この記事では、胃苓湯がなぜこれらの症状に効果を発揮するのか、期待できる効果や副作用、そして正しい飲み方について、分かりやすく解説します。
胃苓湯について詳しく知りたい、自分の症状に合うか知りたいという方は、ぜひ最後までお読みください。
胃苓湯の効能・効果
胃苓湯の効能・効果は、添付文書に記載されている範囲で使用されます。主な効能としては、「腹痛を伴う胃炎、急性・慢性胃カタル、消化不良、食あたり、暑あたり」が挙げられます。これらの症状は、現代社会においても多くの人が経験する身近な不調と言えるでしょう。
胃苓湯がこれらの症状に効果を発揮するのは、前述した平胃散と五苓散の作用によるものです。胃腸の消化吸収能力が低下すると、飲食物がうまく処理されず、胃の中に停滞したり、腸で異常な発酵を起こしたりします。これにより、胃もたれ、お腹の張り、消化不良といった症状が現れます。さらに、体内の水分代謝が滞ると、余分な水分が胃腸に溜まりやすくなり、これが下痢や軟便の原因となります。胃苓湯は、平胃散の働きで胃腸の動きを活発にし、消化を助けるとともに、五苓散の働きで体内の余分な水分を排出し、水分バランスを整えることで、これらの症状を改善に導きます。
特に、食あたりや暑あたりなど、急性の胃腸の不調で下痢や嘔吐、だるさなどを伴う場合に用いられることもあります。これは、五苓散の利水作用が、食あたりなどで起こる急性の水分代謝異常や、暑さによる体液の偏り(暑あたり)に効果を示すためです。

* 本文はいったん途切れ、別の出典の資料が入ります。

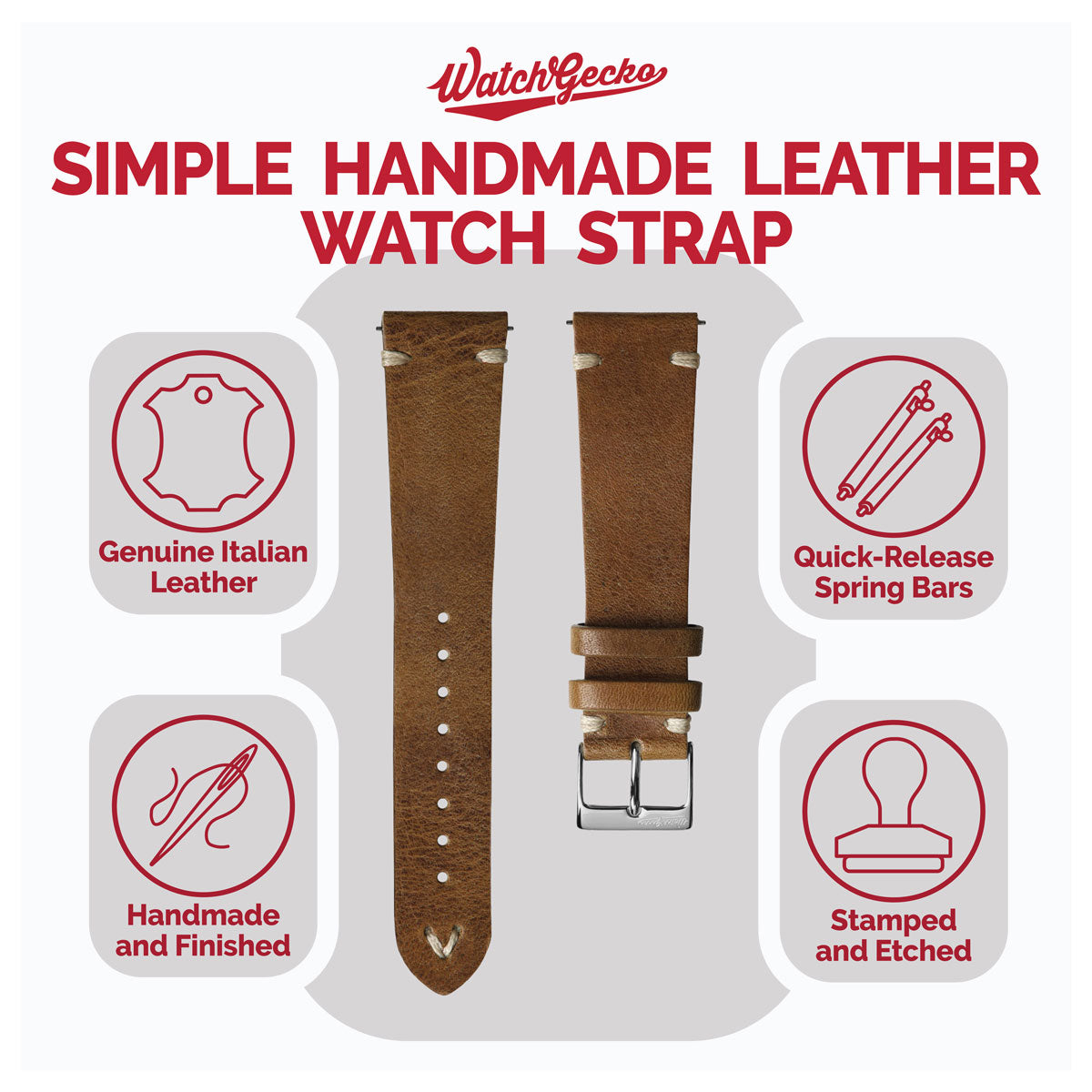 Simple Handmade Italian Leather Watch Strap - Light Brown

ただし、胃苓湯はあくまで漢方薬であり、西洋医学的な特定の疾患(例えば、特定の細菌による感染性胃腸炎など)に対して特異的な効果を示すわけではありません。症状の原因を特定し、適切な治療法を選択することが重要です。
どのような症状に効果がある?
胃苓湯は、その配合されている生薬の働きから、特に「水湿」が関わる様々な消化器症状に効果が期待できます。具体的にどのような症状に効果があるのか、さらに詳しく見ていきましょう。
胃苓湯と胃痛
胃痛は非常に一般的な症状ですが、その原因は多岐にわたります。胃苓湯が効果を示す可能性のある胃痛は、主に消化不良や胃の停滞感に伴うものです。例えば、食べ過ぎや飲み過ぎ、あるいは冷たいものの摂りすぎなどによって胃腸の働きが弱まり、食べ物が胃の中に長く留まることで感じる重苦しい痛みや、胃の膨満感を伴う痛みに適していると考えられます。また、体内の水湿が胃に停滞することで生じる、水がチャポチャポするような感覚や、吐き気を伴う胃痛にも有効な場合があります。

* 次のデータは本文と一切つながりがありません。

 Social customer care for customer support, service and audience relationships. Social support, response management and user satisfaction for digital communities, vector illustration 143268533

漢方医学では、胃痛の原因を「寒」「熱」「気滞」「血瘀」「湿」「虚」など様々な角度から捉えます。胃苓湯は「湿」や「虚」(消化機能の虚弱)に起因する胃痛に特に強みを発揮します。冷えや湿気の多い環境、あるいは消化に負担のかかる食事が原因で胃の働きが鈍くなり、痛みや不快感が現れる場合に試す価値はあります。しかし、強い炎症を伴う胃潰瘍や十二指腸潰瘍による鋭い痛み、ストレスが主な原因で胃がキリキリ痛む場合など、胃苓湯が第一選択とならない胃痛もあります。ご自身の胃痛がどのような性質か、専門家に相談して判断することが大切です。
胃苓湯と胃食道逆流
胃食道逆流症は、胃酸や胃の内容物が食道に逆流することで、胸やけや呑酸(酸っぱいものが上がってくる感じ)などの症状を引き起こす疾患です。胃苓湯は直接的に胃酸の分泌を抑えたり、食道と胃の間の逆流を防ぐ作用はありません。そのため、逆流性食道炎の主要な治療薬として用いられることは少ないです。

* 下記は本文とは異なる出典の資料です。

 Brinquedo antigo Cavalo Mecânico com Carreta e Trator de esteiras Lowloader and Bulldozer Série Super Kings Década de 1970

しかし、胃苓湯が間接的に症状の改善に役立つ可能性はあります。特に、胃の動きが鈍く、食べ物が長く胃に留まる「胃排出遅延」がある場合、胃の内容物が逆流しやすくなります。胃苓湯は平胃散の成分によって胃の消化・運動機能を助ける働きがあるため、胃の停滞感を改善し、結果として逆流の頻度を減らすことに繋がる可能性が考えられます。また、体内の余分な水分が胃に溜まることによる胃の膨満感や不快感が、逆流感を助長している場合にも、五苓散の利水作用が有効に働くかもしれません。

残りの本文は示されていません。